DATA FOR ANALYSIS -
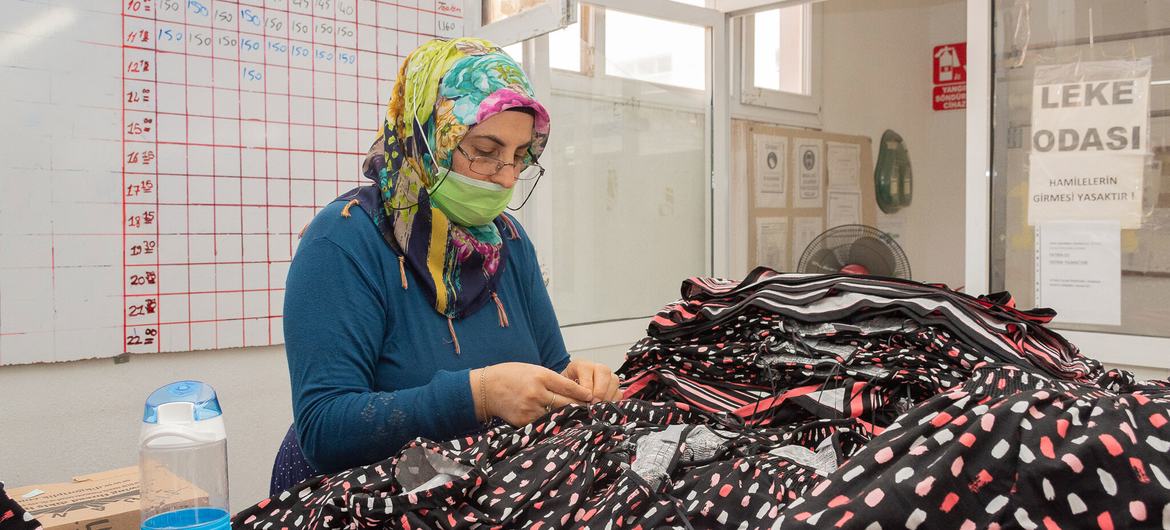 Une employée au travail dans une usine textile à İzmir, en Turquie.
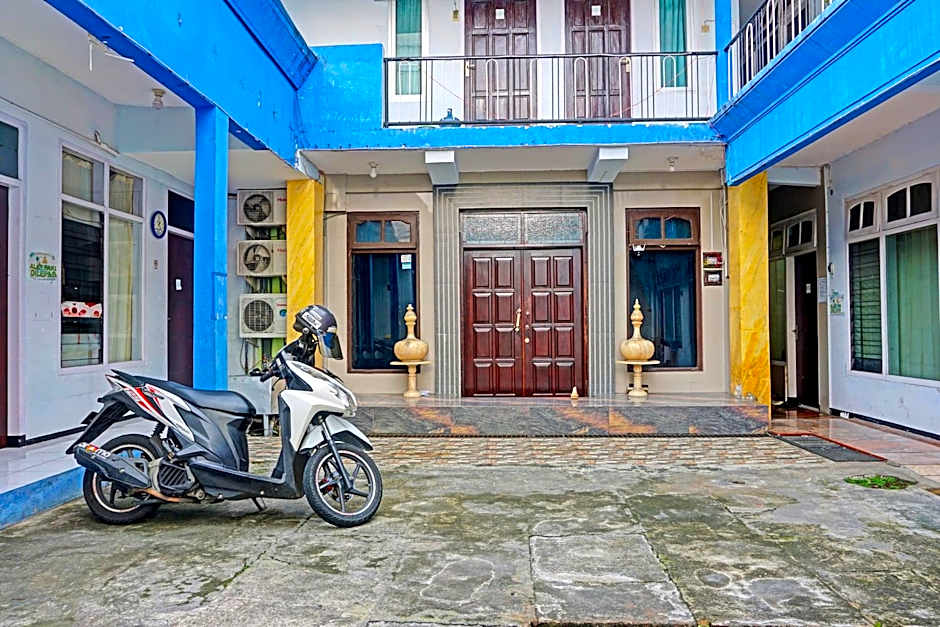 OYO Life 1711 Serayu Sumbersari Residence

==

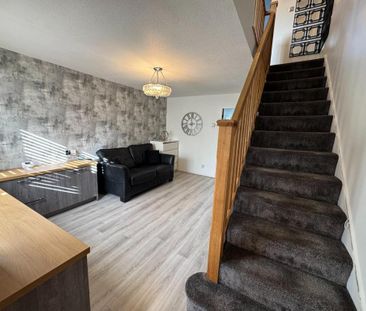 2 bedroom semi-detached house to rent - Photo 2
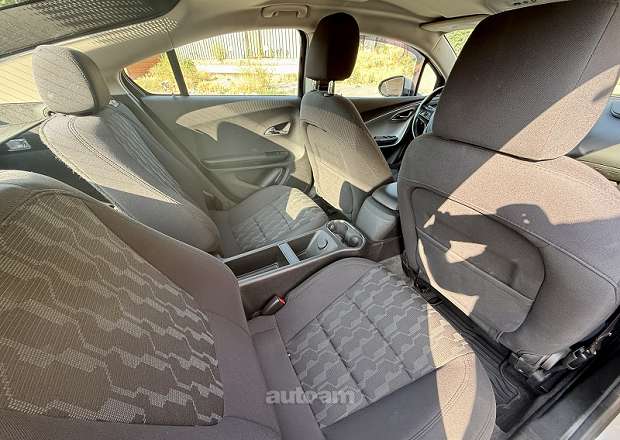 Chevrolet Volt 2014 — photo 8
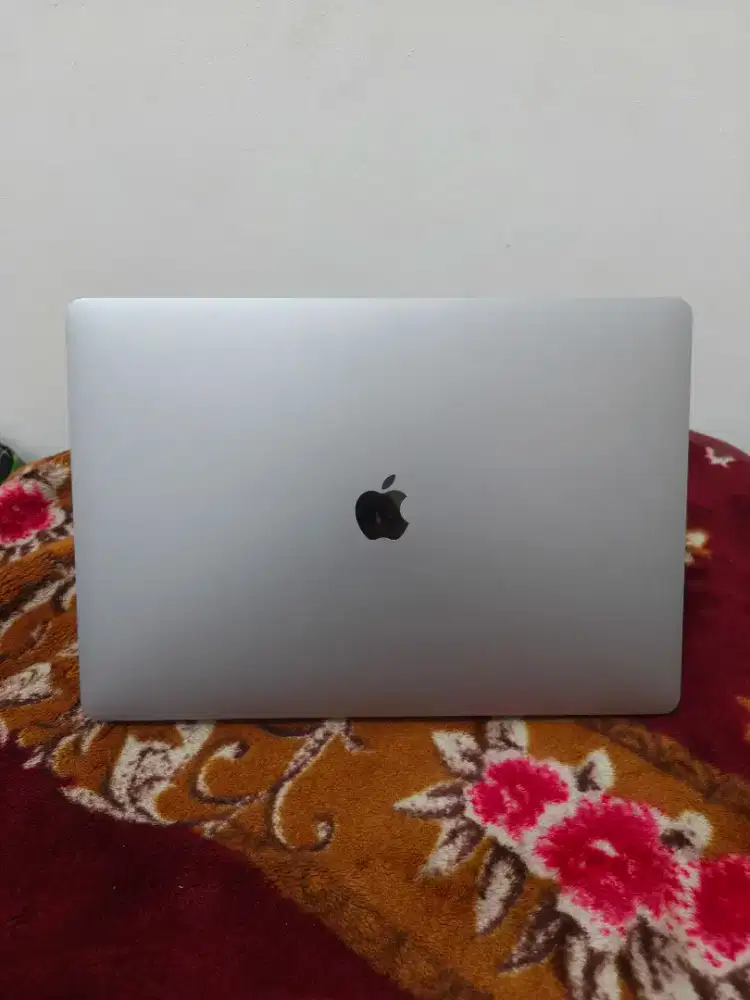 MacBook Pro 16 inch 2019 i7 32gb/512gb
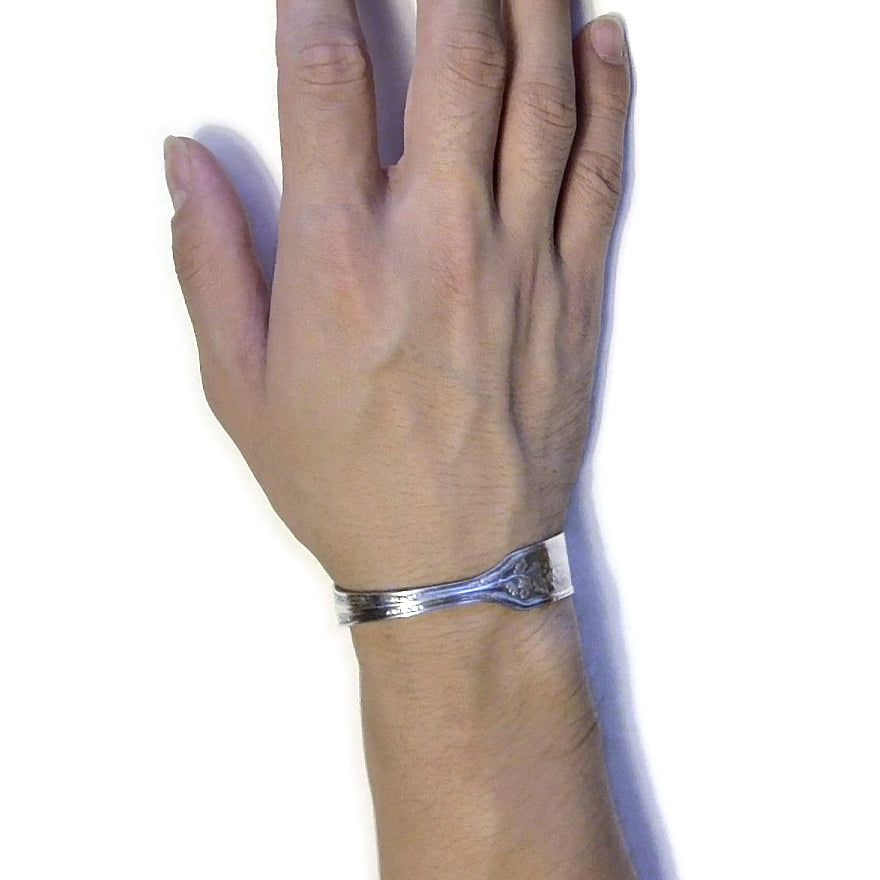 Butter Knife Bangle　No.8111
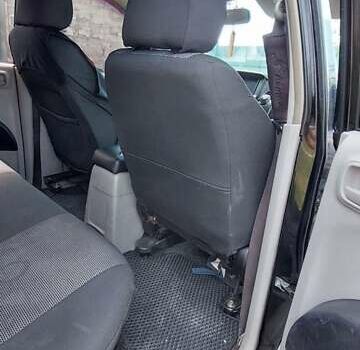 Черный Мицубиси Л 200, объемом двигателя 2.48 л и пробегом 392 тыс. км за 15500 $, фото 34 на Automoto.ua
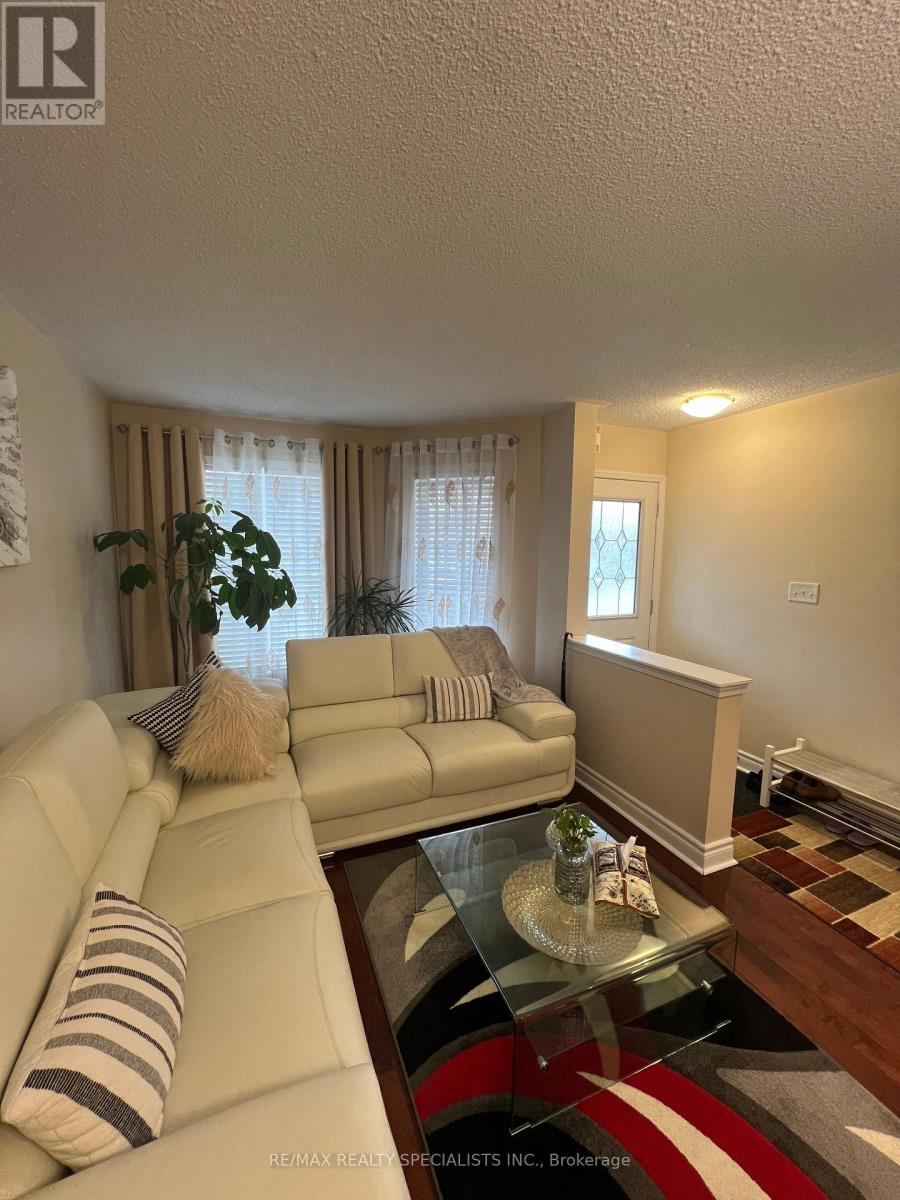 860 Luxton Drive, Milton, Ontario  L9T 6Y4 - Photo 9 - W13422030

WORK REQUEST - Whatever pictures the records hold, omit them; give again exactly the lines from the one containing "Une employée au" through the one containing "OYO Life 1711 Serayu Sumbersari Residence".

SOLUTION TO THIS TASK -
 Une employée au travail dans une usine textile à İzmir, en Turquie.
 OYO Life 1711 Serayu Sumbersari Residence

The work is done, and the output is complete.